The task:
Exact repetition of a range: find the line containing "Colorfulkoala Skirts for" and the line containing "M Men Style" in the material below, then repeat both and all lines between them, leaving pictures out.

Given records:
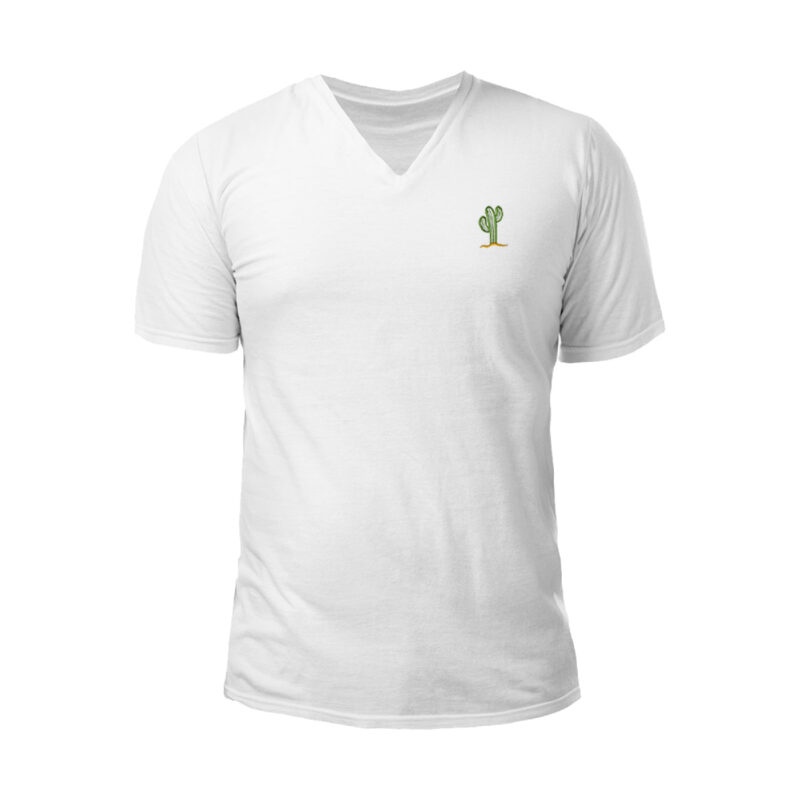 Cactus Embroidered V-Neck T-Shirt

==

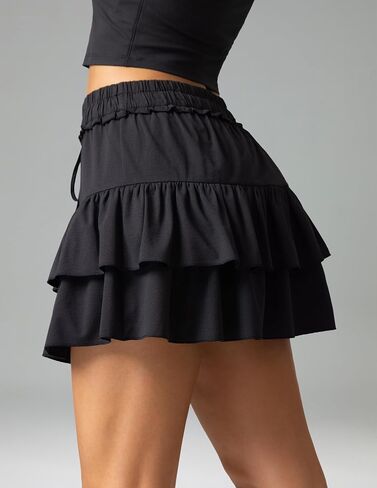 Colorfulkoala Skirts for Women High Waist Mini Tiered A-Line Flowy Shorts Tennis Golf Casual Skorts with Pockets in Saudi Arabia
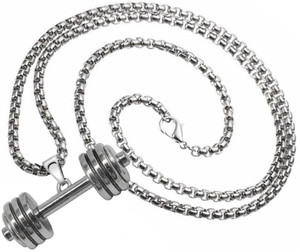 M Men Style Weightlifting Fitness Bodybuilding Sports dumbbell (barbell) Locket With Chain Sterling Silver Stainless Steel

Exercise result:
 Colorfulkoala Skirts for Women High Waist Mini Tiered A-Line Flowy Shorts Tennis Golf Casual Skorts with Pockets in Saudi Arabia
 M Men Style Weightlifting Fitness Bodybuilding Sports dumbbell (barbell) Locket With Chain Sterling Silver Stainless Steel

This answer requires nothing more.